Provided data Block Start

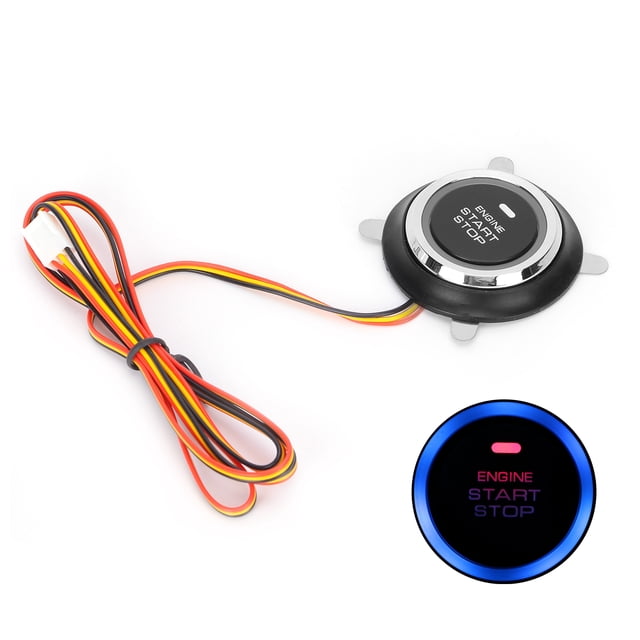 Interruptor de Arranque de Encendido, Botón de Arranque de Motor Universal para SUV Para Camiones para Vehículos Recreatros para Automóviles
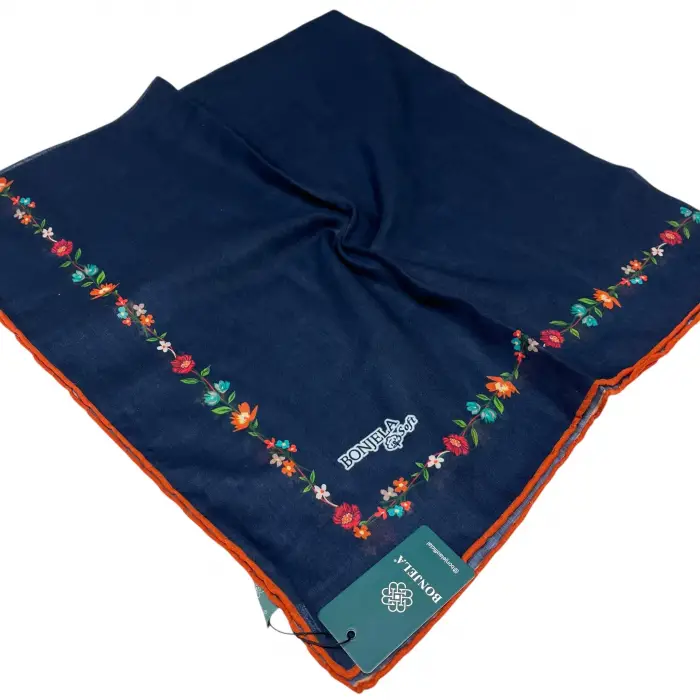 Bonjela El Dikişli Dijital Soft Eşarp-soft01-12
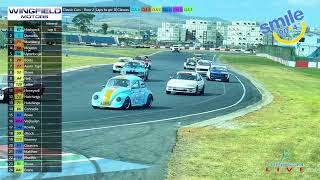 Power Series Rnd 9  Laude Classic Cars  Race 2 [upl. by Shwalb]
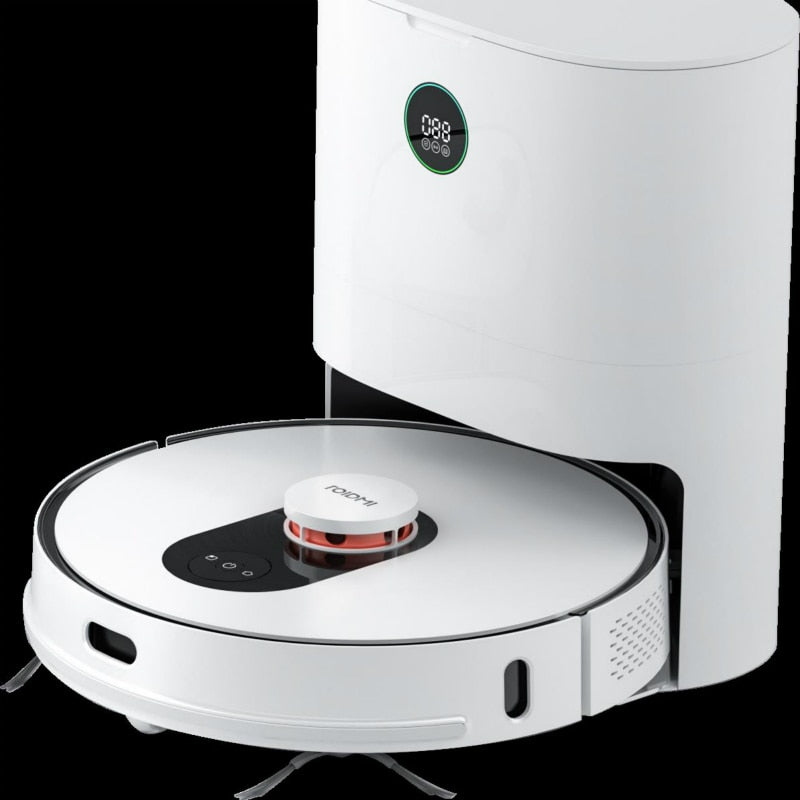 Eve Plus Smart Vacuum Robot Cleaner with Auto Empty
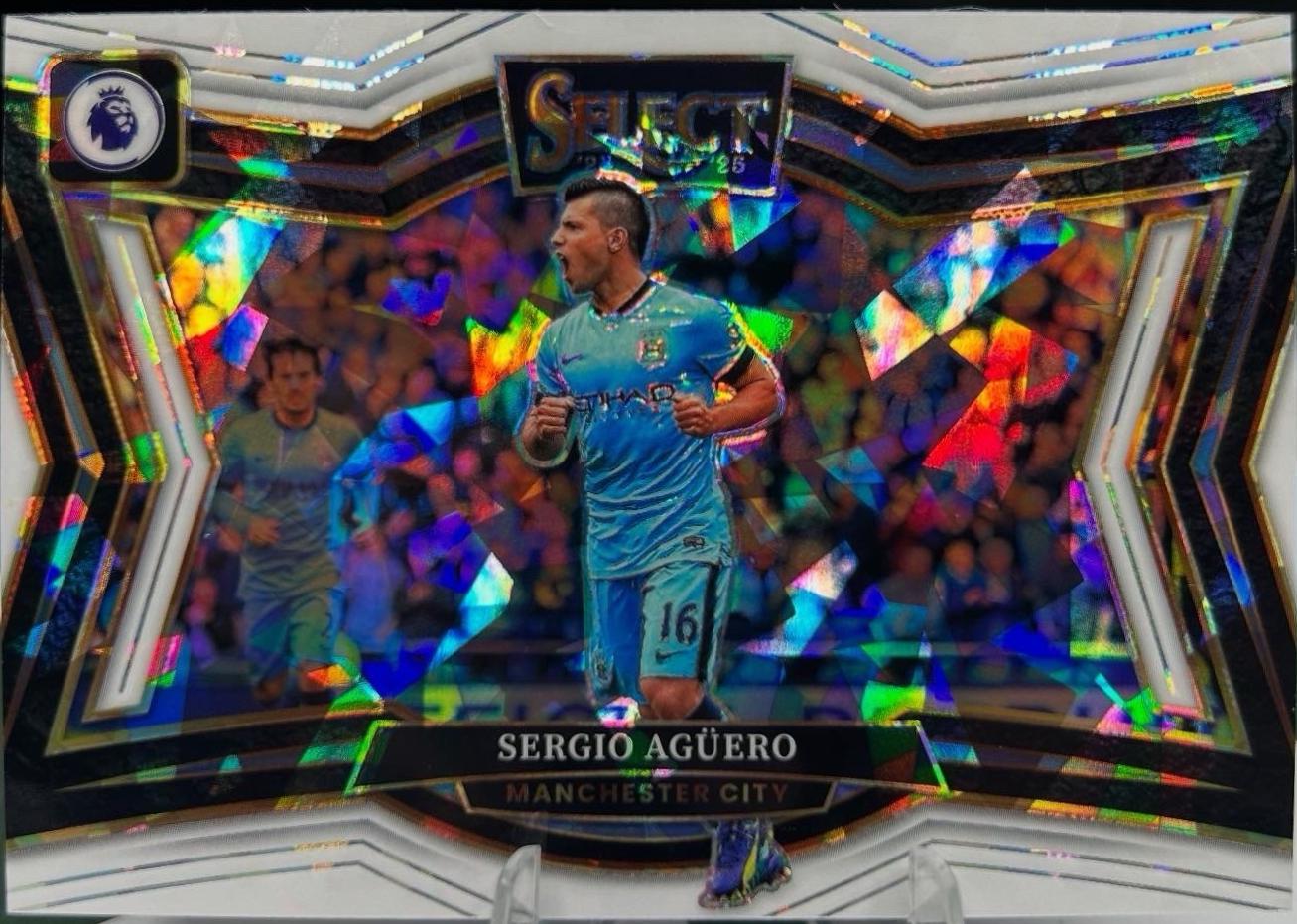 Sergio Aguero - Select Premier League #250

Provided data Block End

> What the task asks:
Every entry, word for word: repeat it, but skip the images.

> Response to the exercise:
 Interruptor de Arranque de Encendido, Botón de Arranque de Motor Universal para SUV Para Camiones para Vehículos Recreatros para Automóviles
 Bonjela El Dikişli Dijital Soft Eşarp-soft01-12
 Power Series Rnd 9  Laude Classic Cars  Race 2 [upl. by Shwalb]
 Eve Plus Smart Vacuum Robot Cleaner with Auto Empty
 Sergio Aguero - Select Premier League #250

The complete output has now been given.